EU seeks $140 billion to insulate consumers from energy crisis

By Kate Abnett and Tom Käckenhoff

BRUSSELS/DUESSELDORF (Reuters) – The European Union executive announced on Wednesday plans to raise more than $140 billion from energy companies to help protect households and businesses from soaring prices that threaten recession economy and insolvency.

European gas and electricity prices have soared this year as Russia cut fuel exports to retaliate against Western sanctions following its invasion of Ukraine, leaving many struggling to pay their bills and public services in the grip of a liquidity crisis.

The European Central Bank’s chief economist said higher prices remain a “dominant driver of inflation” in the euro zone.

European governments have responded with measures ranging from caps on consumer electricity and gas prices to offering credit and guarantees to electricity suppliers threatened with collapse.

“EU member states have already invested billions of euros to help vulnerable households. But we know that will not be enough,” European Commission President Ursula von der Leyen told the European Parliament.

In separate steps to try to protect consumers from record inflation, France announced new caps on energy prices for 2023 and Denmark prepared its own temporary caps on energy bills.

And in Germany, Uniper, its biggest importer of Russian gas, said the government could take a majority stake to help it weather the crisis, and a local utility group warned of insolvency. electricity companies.

The European Commission’s proposal includes capping the revenues of electricity producers who have benefited from higher prices but are not dependent on gas. It also included measures to force fossil fuel companies to share windfall profits from energy sales.

“In these times, it is wrong to receive extraordinary record revenues and profits benefiting from war and on the backs of our consumers,” von der Leyen said.

National governments would be responsible for recovering excess revenue and redirecting it towards measures that could include reducing electricity bills or helping consumers invest in energy-saving measures such as insulating homes.

The EU plan did not include an earlier idea to cap Russian gas prices, after Russia warned it could cut off all fuel supplies if one was introduced.

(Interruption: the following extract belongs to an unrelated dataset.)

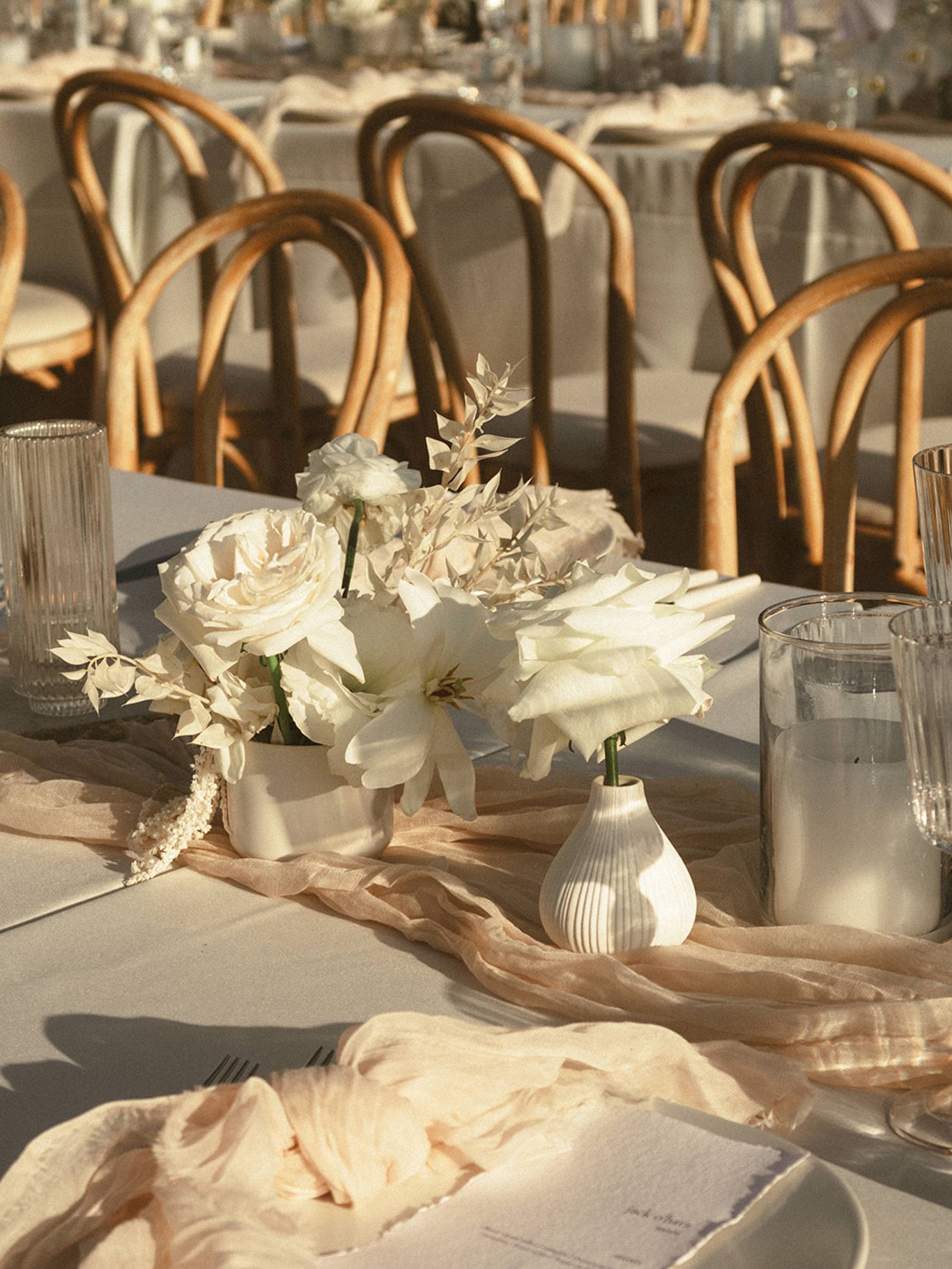 2023-09/hummingbird-nest-ranch-los-angeles-california-romantic-modern-wedding-film-timeless-81.jpg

The Commission said it was still considering a Russian gas price cap and discussing the idea of ​​broader gas price caps, which also divided member states and were not included in Wednesday’s proposals.

Europe’s benchmark gas price rose to around 208 euros per megawatt-hour (MWh), well below August’s record high above 343 euros, but up more than 200% from a year ago.

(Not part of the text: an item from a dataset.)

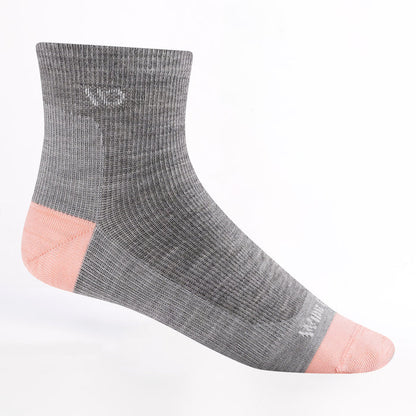 Womens quarter lightweight no cushion sock in light gray featuring a pink heel/toe and white logo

Europe has rushed to fill its storage facilities and has already achieved the goal of 80% full by November. But Russian supply cuts, which it says are due to sanctions hampering maintenance, make the winter outlook uncertain.

Moscow played down the impact of lost gas sales in Europe, saying other countries were ready to buy its energy as Europe sought to reduce its dependence on Russia.

“Months of geopolitical wrangling have left the European gas market whipped, with volatile prices resulting from a lack of supply, potential market intervention and wider uncertainty,” the analyst said. by Rystad Zongqiang Luo.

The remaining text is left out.